それらの小説は未来を描くSFではなく、異世界を描くファンタジーでもなく、現代と現代の抱える問題を描いているものなのだから、むしろ未来世界や異世界を描いていても中身は現代でないといけないのである。



そこで下手に本当にリアルな未来世界や異世界を作ってしまうと、かえってその世界には没頭しづらいのだ。
(SFファンとしては残念なことに)求められているのはSFやファンタジーではないのである。



だから彼らにとっては「何でも現代日本小説」が正解であり、書き手はそういう世界観を構築する必要があるのではなかろうか。
だから、それらの小説とその世界観も、好き嫌いは別として、失敗ではないと私は考えるのである。



最後に冲方丁氏の同インタビューでの「リアリティ論」が面白かったので、それを引用して終わりたいと思う。

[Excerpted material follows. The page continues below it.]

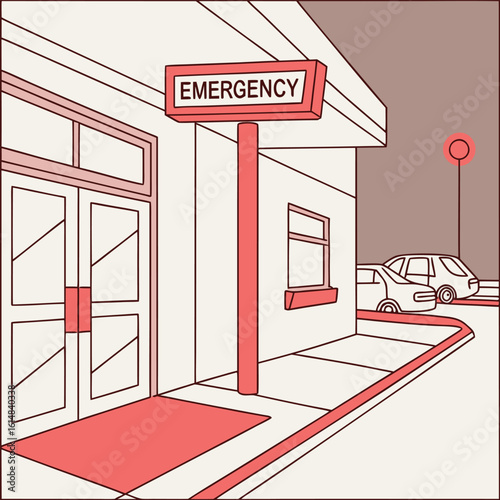 Hospital emergency entrance with flashing red light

魔法使いや宇宙人たちが当たり前のように出てくるライトノベルは「リアリティがない」「感情移入しづらい」と思われがちだ。
だが冲方丁 は「感情移入とリアリティは別物」と語る。


「読者を感情移入させられるかどうかは、単に作家の側の技術の問題です。
本当に心を動かされるものを書かれていれば、キャラクターや世界の壁なんてあっという間に越えてしまう。
感情移入は問答無用ですから。


一方でリアリティとは『現実的に考えた場合におかしいか』ではなく、『その世界がどれほど魅力的で、触れ合っていたいと思うか』ということ。


結局、リアリティの根幹にあるのは、読者と作者の間の共通了解なんですよ。
ライトノベルに宇宙人やモンスターが登場することになるけど、それらはティーンエージャーの好む要素。